*Assignment:* Under this line are the records; write out word for word the part that begins at the line containing "Used 2025 Red Metallic Ford ST-Line image 16" and ends at the line containing "Apartment Hisa Miha", and no more.

Brief descriptive captions
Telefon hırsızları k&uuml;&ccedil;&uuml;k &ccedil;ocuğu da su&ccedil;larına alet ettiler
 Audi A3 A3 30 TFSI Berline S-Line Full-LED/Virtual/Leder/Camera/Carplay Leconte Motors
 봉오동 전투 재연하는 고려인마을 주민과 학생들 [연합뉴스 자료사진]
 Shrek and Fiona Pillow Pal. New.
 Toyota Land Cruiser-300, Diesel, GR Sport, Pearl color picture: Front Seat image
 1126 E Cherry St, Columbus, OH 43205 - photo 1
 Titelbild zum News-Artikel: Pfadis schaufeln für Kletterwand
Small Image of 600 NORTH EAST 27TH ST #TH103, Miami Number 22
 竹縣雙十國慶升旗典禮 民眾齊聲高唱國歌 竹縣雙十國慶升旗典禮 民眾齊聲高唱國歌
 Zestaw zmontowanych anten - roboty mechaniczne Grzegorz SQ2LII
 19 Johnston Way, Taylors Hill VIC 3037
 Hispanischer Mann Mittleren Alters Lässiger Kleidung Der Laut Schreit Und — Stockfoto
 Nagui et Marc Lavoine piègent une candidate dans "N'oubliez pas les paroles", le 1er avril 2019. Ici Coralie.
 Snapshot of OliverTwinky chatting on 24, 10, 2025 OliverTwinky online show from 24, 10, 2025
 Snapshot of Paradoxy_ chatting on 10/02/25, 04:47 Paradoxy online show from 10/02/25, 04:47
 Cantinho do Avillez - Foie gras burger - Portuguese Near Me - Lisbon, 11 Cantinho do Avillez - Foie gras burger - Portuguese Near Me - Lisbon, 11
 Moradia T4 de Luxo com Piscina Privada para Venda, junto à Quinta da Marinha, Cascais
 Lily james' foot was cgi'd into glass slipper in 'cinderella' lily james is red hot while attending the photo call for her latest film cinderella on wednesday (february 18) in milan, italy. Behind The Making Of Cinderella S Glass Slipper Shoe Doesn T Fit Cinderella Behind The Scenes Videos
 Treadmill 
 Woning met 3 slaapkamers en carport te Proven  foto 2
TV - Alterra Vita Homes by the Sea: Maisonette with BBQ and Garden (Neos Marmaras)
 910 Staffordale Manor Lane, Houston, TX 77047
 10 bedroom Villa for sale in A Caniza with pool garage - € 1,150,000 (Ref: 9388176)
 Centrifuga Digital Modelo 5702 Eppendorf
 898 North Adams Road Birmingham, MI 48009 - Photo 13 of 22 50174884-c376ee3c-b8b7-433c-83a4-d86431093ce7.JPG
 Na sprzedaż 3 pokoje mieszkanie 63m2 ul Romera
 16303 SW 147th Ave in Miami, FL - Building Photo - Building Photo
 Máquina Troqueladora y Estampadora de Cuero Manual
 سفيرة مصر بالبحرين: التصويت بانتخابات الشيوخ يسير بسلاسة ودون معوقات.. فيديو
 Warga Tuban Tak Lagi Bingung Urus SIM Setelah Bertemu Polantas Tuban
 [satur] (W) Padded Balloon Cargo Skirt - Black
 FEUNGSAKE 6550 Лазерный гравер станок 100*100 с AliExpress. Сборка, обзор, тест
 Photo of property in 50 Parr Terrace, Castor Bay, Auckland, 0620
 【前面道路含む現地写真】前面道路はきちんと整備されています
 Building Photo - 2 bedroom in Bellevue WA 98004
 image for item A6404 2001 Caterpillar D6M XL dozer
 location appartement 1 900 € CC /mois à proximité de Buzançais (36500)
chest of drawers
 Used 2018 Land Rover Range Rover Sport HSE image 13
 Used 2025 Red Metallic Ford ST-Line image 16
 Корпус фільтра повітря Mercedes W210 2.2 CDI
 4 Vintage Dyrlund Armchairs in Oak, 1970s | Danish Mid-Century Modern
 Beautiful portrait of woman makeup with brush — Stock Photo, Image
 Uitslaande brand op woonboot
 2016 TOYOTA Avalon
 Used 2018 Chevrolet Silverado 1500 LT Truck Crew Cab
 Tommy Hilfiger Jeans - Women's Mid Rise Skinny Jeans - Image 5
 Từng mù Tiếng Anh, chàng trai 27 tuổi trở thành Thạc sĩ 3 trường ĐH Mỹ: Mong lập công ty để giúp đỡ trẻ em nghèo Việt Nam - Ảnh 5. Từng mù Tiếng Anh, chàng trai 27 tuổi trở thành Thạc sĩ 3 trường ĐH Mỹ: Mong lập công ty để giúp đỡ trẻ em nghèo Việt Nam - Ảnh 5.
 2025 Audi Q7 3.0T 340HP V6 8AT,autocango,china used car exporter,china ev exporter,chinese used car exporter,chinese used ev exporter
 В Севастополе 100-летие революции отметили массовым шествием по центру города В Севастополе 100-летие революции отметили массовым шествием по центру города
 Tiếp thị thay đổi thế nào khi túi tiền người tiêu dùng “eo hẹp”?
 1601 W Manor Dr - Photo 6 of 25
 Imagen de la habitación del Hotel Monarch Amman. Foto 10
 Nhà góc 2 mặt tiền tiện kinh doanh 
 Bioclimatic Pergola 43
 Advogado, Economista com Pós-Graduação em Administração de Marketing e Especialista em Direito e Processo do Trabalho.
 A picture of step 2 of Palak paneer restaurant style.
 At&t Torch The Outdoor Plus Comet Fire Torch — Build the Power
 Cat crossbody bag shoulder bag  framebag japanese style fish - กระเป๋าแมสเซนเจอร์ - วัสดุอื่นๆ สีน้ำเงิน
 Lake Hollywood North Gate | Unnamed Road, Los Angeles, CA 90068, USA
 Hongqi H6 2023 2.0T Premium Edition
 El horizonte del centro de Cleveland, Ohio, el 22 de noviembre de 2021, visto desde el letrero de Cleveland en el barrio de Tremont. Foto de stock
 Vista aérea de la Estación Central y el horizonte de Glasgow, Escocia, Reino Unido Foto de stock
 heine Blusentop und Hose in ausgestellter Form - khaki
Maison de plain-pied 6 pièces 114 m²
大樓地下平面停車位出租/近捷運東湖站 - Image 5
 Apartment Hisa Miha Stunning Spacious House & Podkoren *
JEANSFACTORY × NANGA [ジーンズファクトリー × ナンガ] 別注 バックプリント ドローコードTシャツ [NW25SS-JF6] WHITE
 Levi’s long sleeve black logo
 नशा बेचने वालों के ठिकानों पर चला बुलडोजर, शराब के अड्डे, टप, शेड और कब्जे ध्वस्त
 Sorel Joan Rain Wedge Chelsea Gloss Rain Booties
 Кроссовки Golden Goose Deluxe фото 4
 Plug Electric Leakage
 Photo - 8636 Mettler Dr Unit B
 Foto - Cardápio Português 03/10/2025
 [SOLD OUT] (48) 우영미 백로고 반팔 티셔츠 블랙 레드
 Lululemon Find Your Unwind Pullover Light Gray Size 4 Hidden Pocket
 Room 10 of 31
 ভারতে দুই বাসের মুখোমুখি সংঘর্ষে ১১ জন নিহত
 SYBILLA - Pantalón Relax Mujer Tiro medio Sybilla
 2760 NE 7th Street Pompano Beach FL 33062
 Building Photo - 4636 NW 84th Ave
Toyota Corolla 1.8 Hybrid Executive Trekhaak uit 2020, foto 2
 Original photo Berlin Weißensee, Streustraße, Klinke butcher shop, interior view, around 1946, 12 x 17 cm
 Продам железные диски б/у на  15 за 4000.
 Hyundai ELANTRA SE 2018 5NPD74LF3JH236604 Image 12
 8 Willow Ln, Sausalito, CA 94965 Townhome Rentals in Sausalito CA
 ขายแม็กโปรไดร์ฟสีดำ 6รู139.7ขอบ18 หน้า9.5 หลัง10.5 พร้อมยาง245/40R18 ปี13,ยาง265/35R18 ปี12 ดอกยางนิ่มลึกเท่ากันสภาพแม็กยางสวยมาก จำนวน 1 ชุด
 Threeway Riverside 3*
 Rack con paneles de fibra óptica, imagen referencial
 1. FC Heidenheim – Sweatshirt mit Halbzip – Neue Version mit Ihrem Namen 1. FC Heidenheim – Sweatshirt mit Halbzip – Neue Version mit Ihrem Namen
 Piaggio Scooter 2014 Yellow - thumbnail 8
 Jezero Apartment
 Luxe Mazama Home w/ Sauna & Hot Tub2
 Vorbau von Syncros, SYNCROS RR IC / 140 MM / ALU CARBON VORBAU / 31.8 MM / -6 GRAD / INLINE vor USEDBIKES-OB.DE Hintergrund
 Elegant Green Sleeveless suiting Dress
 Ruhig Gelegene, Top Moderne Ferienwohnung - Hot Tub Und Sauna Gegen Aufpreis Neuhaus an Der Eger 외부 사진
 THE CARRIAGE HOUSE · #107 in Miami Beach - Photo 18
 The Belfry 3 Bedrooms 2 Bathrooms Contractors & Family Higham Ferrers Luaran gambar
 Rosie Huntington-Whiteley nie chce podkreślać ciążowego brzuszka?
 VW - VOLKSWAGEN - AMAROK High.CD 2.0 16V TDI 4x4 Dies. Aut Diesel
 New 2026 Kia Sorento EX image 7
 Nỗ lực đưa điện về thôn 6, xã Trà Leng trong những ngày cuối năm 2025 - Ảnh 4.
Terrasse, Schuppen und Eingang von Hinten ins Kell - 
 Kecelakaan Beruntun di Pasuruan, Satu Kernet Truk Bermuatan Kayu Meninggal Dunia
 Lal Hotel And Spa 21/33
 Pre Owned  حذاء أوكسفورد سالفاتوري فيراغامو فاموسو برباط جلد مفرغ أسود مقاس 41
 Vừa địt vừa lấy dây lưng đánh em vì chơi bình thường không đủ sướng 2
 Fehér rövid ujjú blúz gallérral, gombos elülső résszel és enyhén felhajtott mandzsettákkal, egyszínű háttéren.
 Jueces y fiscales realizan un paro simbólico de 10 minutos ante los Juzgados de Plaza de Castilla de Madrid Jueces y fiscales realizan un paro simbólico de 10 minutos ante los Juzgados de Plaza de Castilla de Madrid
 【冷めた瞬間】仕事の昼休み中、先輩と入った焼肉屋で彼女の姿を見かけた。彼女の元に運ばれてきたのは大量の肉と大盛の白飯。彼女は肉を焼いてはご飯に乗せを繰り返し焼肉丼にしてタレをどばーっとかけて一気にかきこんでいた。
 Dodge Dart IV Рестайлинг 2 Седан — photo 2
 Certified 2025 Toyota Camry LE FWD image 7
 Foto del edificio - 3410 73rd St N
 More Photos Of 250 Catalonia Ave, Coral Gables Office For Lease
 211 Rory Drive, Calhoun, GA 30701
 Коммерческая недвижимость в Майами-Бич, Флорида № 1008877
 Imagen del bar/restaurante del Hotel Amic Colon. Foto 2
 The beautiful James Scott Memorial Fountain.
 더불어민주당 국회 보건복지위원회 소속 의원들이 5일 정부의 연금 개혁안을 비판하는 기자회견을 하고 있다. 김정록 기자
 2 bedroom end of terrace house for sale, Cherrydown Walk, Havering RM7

*Finished exercise:*
 Used 2025 Red Metallic Ford ST-Line image 16
 Корпус фільтра повітря Mercedes W210 2.2 CDI
 4 Vintage Dyrlund Armchairs in Oak, 1970s | Danish Mid-Century Modern
 Beautiful portrait of woman makeup with brush — Stock Photo, Image
 Uitslaande brand op woonboot
 2016 TOYOTA Avalon
 Used 2018 Chevrolet Silverado 1500 LT Truck Crew Cab
 Tommy Hilfiger Jeans - Women's Mid Rise Skinny Jeans - Image 5
 Từng mù Tiếng Anh, chàng trai 27 tuổi trở thành Thạc sĩ 3 trường ĐH Mỹ: Mong lập công ty để giúp đỡ trẻ em nghèo Việt Nam - Ảnh 5. Từng mù Tiếng Anh, chàng trai 27 tuổi trở thành Thạc sĩ 3 trường ĐH Mỹ: Mong lập công ty để giúp đỡ trẻ em nghèo Việt Nam - Ảnh 5.
 2025 Audi Q7 3.0T 340HP V6 8AT,autocango,china used car exporter,china ev exporter,chinese used car exporter,chinese used ev exporter
 В Севастополе 100-летие революции отметили массовым шествием по центру города В Севастополе 100-летие революции отметили массовым шествием по центру города
 Tiếp thị thay đổi thế nào khi túi tiền người tiêu dùng “eo hẹp”?
 1601 W Manor Dr - Photo 6 of 25
 Imagen de la habitación del Hotel Monarch Amman. Foto 10
 Nhà góc 2 mặt tiền tiện kinh doanh 
 Bioclimatic Pergola 43
 Advogado, Economista com Pós-Graduação em Administração de Marketing e Especialista em Direito e Processo do Trabalho.
 A picture of step 2 of Palak paneer restaurant style.
 At&t Torch The Outdoor Plus Comet Fire Torch — Build the Power
 Cat crossbody bag shoulder bag  framebag japanese style fish - กระเป๋าแมสเซนเจอร์ - วัสดุอื่นๆ สีน้ำเงิน
 Lake Hollywood North Gate | Unnamed Road, Los Angeles, CA 90068, USA
 Hongqi H6 2023 2.0T Premium Edition
 El horizonte del centro de Cleveland, Ohio, el 22 de noviembre de 2021, visto desde el letrero de Cleveland en el barrio de Tremont. Foto de stock
 Vista aérea de la Estación Central y el horizonte de Glasgow, Escocia, Reino Unido Foto de stock
 heine Blusentop und Hose in ausgestellter Form - khaki
Maison de plain-pied 6 pièces 114 m²
大樓地下平面停車位出租/近捷運東湖站 - Image 5
 Apartment Hisa Miha Stunning Spacious House & Podkoren *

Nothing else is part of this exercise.